Venerable Sir, would you please explain the step known as Right Effort (sammā-vāyāma) in the Noble Eightfold Path?
‘Right Effort’ (sammā-vāyāma) means taking effort or exercise that is righteous, aimed at cultivating wholesome actions. Revered-laity take exercise every day. Some folks run. Some walk, or stretch their arms and legs. Is this righteous exercise? Is it a kind of exercise that develops wholesome actions? In trying to make a sickly body healthy, a dying body beautiful, you become persistently distressed due to birth, decay, sickness, and death; and because of it, develop unwholesome-roots greed, hatred and delusion.

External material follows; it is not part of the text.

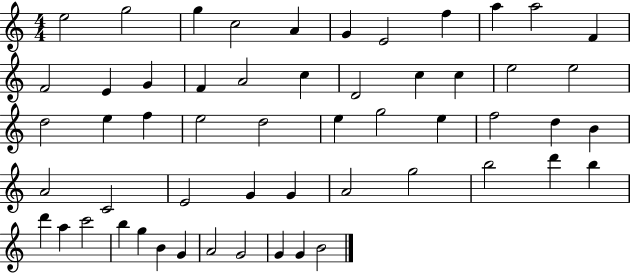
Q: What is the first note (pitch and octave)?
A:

Buddha has set forth a daily form of exercise even for us ordained monks. That exercise is: Early morning, go to the village on house-to-house alms round. Could be one, two or three kilometres long. Having finished the alms round, return to the kuṭī. Subsist on just the alms food received, just one meal a day. When eating the alms food, eat mindfully, reviewing and reflecting (paccavekkhana). In your free time, mount the sand walkway and practise walking meditation, firmly focusing your mind on the step. Look how meaningful a form of exercise it is. Imbued with moral worth. Lets wholesome actions grow. Not just the body but the mind, too, develops well along the essence of the Dhamma. The craving for corporeal form (rūpa) lessens. Also, a sickly body becomes healthy to a certain extent. [Whereas] the revered-laity do exercise for an hour or two, have all three meals, and go to sleep. If you too incorporate in your life, as right for lay life, the method of exercise the Buddha has spelled out, not only does your body get in shape, but also your wholesome qualities develop.
Apart from the said type of exercise, Buddha proclaims the noble exercise called Right Effort coming under the Noble Eightfold Path, which makes for comforts in both this life and the next. For the phenomenon called Right Effort to develop in you properly, all of the first five constituent steps of the Noble Eightfold Path must develop in you, starting with Right View. Right Effort consists of four things:
[One] keeps performing still more strongly the wholesome actions currently being performed.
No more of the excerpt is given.